Apparently he gets sued, like, every damn day:

First, he was sued in Florida by the infomercial company GlobalTec, which sells day-trading software. GlobalTec alleged that, by posting reviews of GlobalTec products that turned up in Google searches, Leonard was infringing the company's trademark. With the assistance of Public Citizen, Leonard filed a motion to dismiss, pointing out that, among many other problems with the lawsuit, he lived in Arizona and had no connection with the state where he had been sued. Last month, the court accepted Public Citizen's arguments and dismissed the case for lack of jurisdiction.
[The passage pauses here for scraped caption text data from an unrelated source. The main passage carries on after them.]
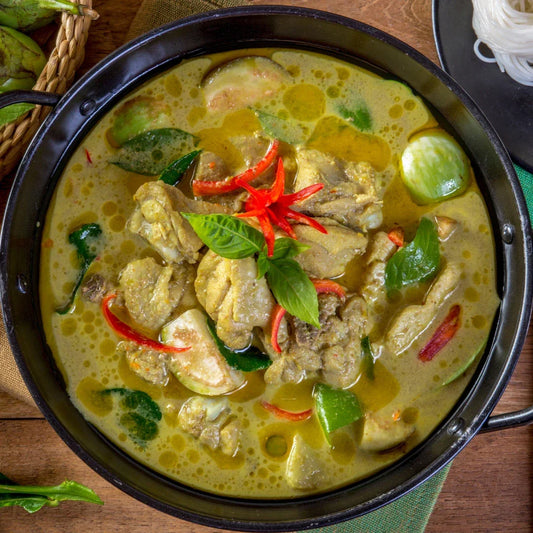 Thai Green Chicken Curry (Family Size) with free side of Cilantro rice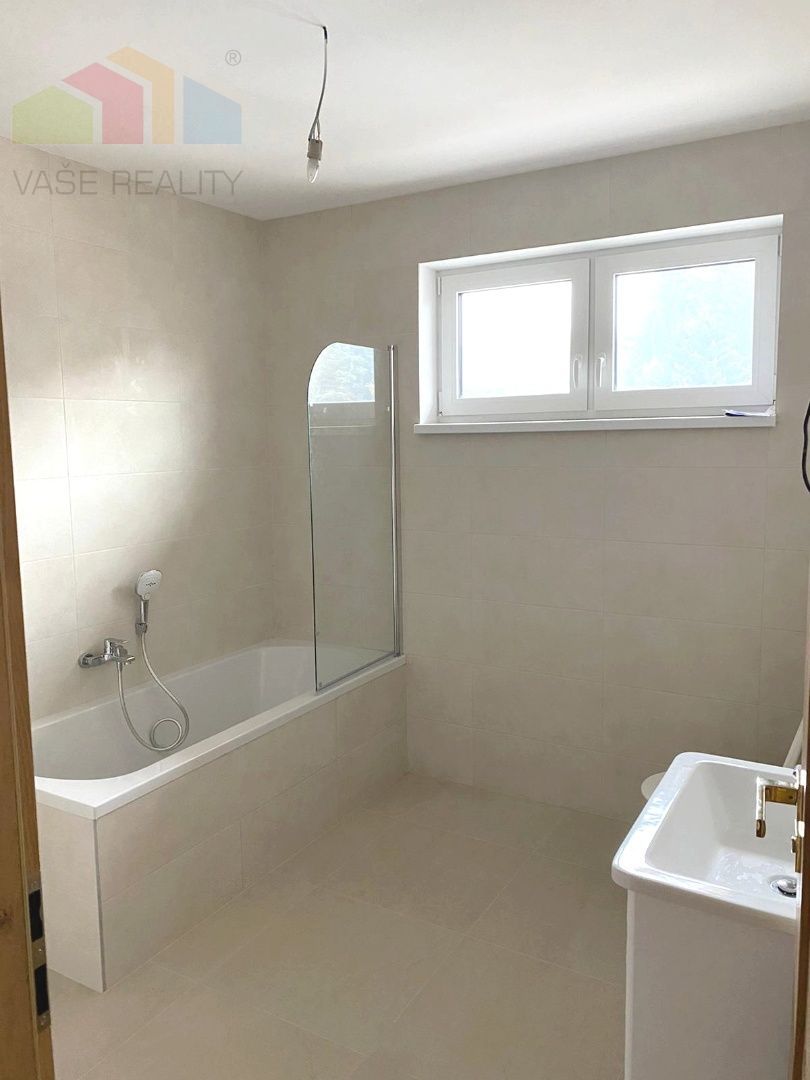 Trojizbový mezonetový byt Banka pri Piešťanoch - 8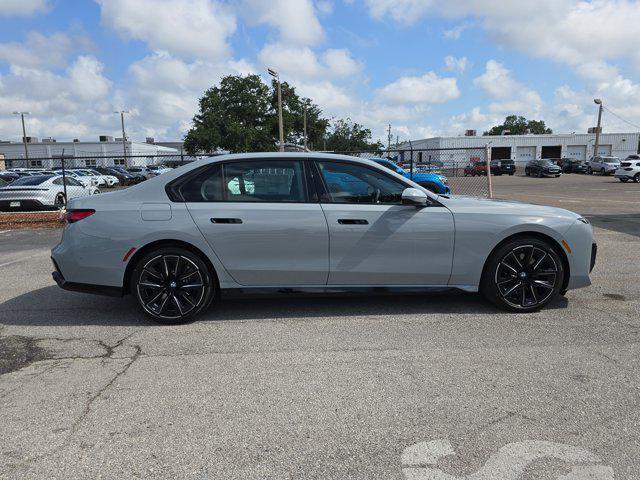 new 2025 BMW 760 car, priced at $132,125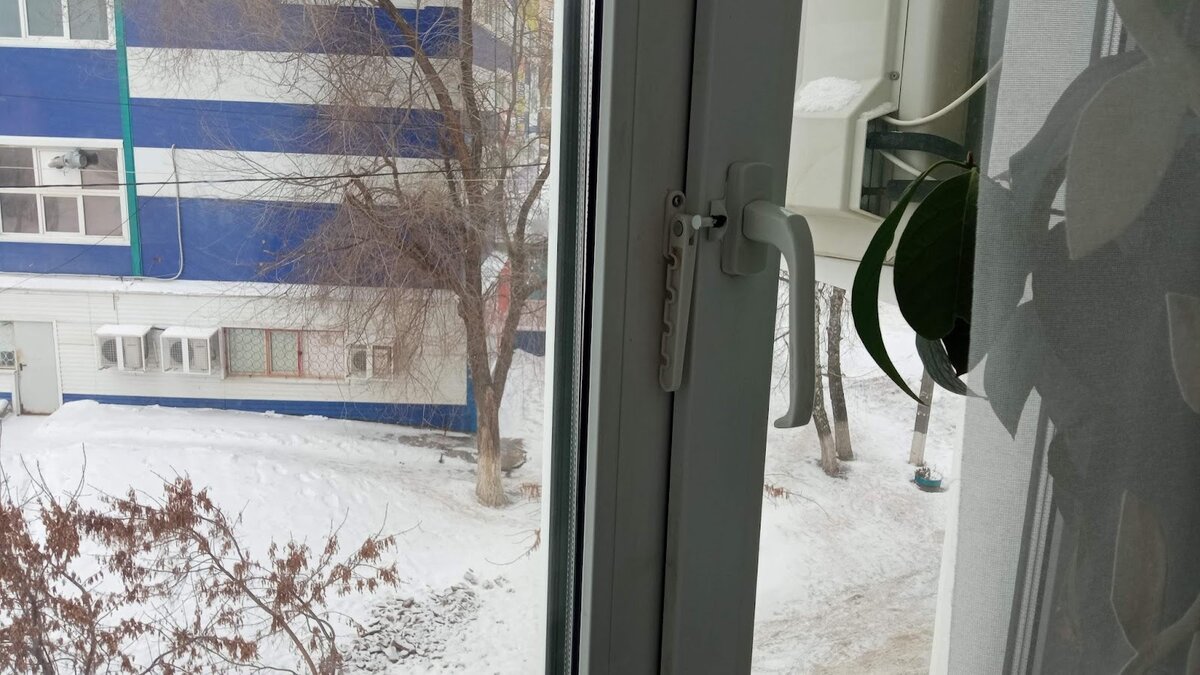 При сильных морозах на стеклах окон. Сильный Мороз. Промерзания квартир. Холод просачивается в дом. Взять через окно.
Next, Leonard received a subpoena from Video Professor, an infomercial company that sells video-based courses, demanding that Leonard turn over IP addresses and other personally identifying information about everyone who posted reviews of the company's products. Leonard objected, again with the help of Public Citizen, and yesterday Video Professor withdrew its subpoena, although it did not drop its lawsuit and is apparently still pursuing another subpoena to discover the identity of a Wikipedia user, who the company claims defamed it in the online encyclopedia.

So it came as no surprise to Leonard when he learned of yet another lawsuit against him, this time in Michigan, brought by the Infomercial company Lifestyle Lift, which performs a facelift procedure that it claims takes only about an hour.

The Public Citizen has been helping Justin out, but as the CL&P blog points out—not every small website has access to pro bono trademark lawyers. Shame on these shady companies for resorting to legal bullying.

The Hazards of Running a Consumer Review Website [CL&P]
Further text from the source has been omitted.